SUPPLIED MATERIAL
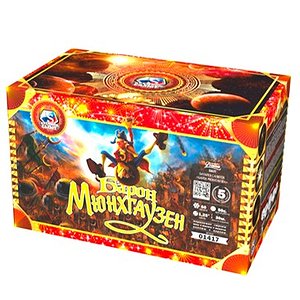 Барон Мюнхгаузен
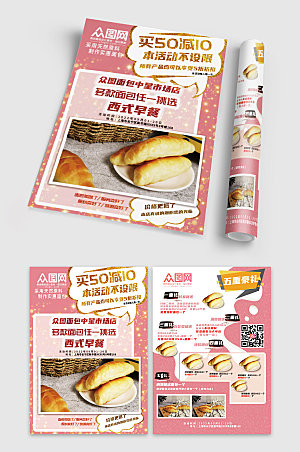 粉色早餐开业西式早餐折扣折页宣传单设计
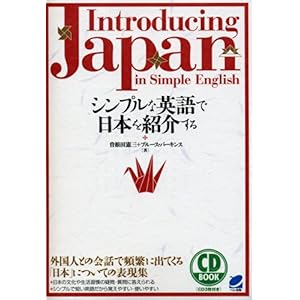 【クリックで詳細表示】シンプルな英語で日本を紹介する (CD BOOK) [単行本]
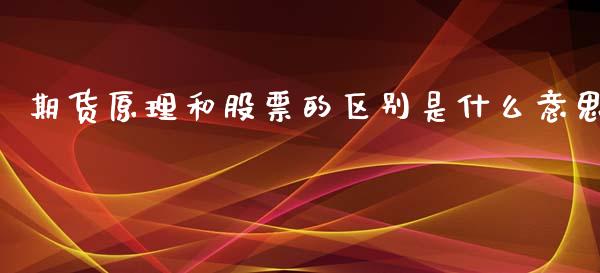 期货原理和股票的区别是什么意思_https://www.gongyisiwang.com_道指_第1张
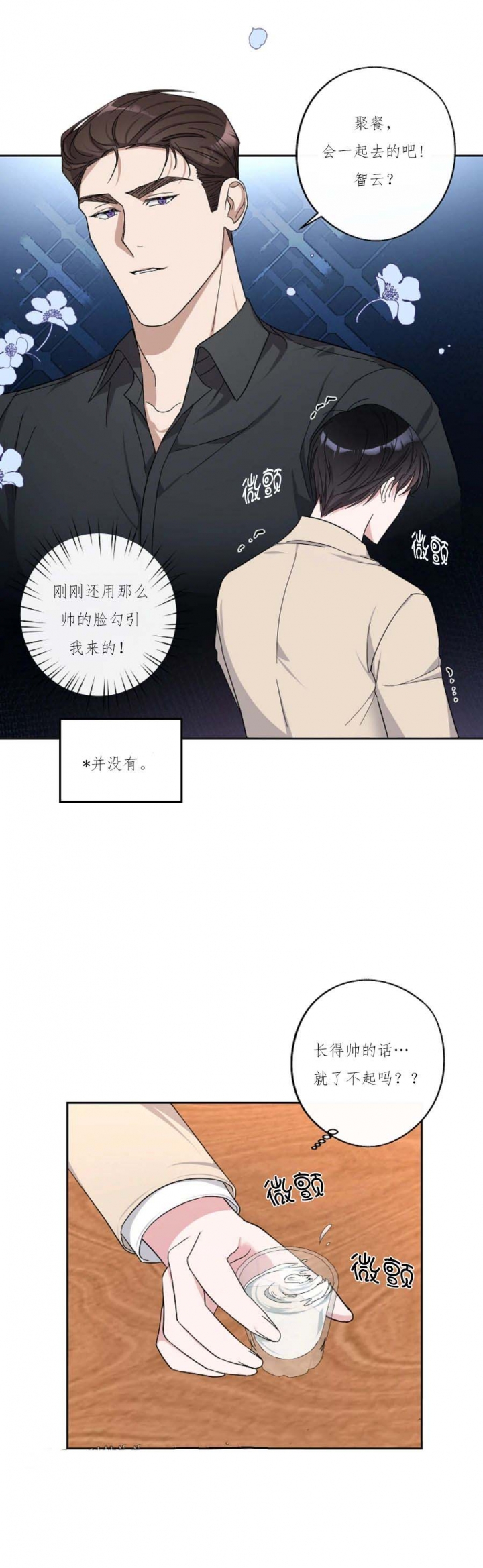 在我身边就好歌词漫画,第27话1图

...

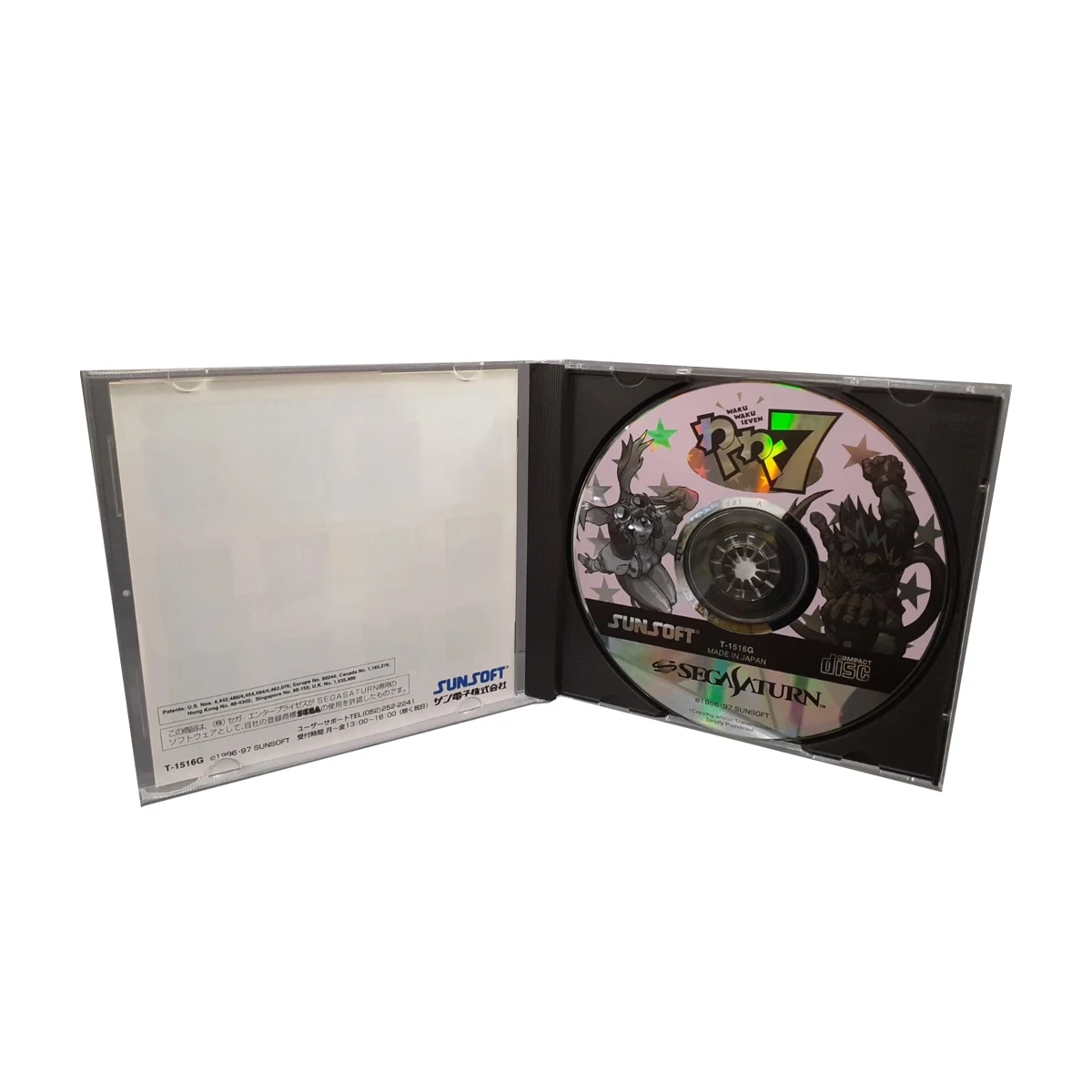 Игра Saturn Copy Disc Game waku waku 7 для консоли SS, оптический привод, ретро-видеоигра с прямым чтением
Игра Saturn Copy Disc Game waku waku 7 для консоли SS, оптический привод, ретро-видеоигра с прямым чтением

YOUR TASK
Above are the records. Copy only the lines from the one with "Барон Мюнхгаузен" through the one with "在我身边就好歌词漫画,第27话1图", exactly, with no pictures.

ANSWER SPACE
 Барон Мюнхгаузен
 粉色早餐开业西式早餐折扣折页宣传单设计
 【クリックで詳細表示】シンプルな英語で日本を紹介する (CD BOOK) [単行本]
 期货原理和股票的区别是什么意思_https://www.gongyisiwang.com_道指_第1张
 在我身边就好歌词漫画,第27话1图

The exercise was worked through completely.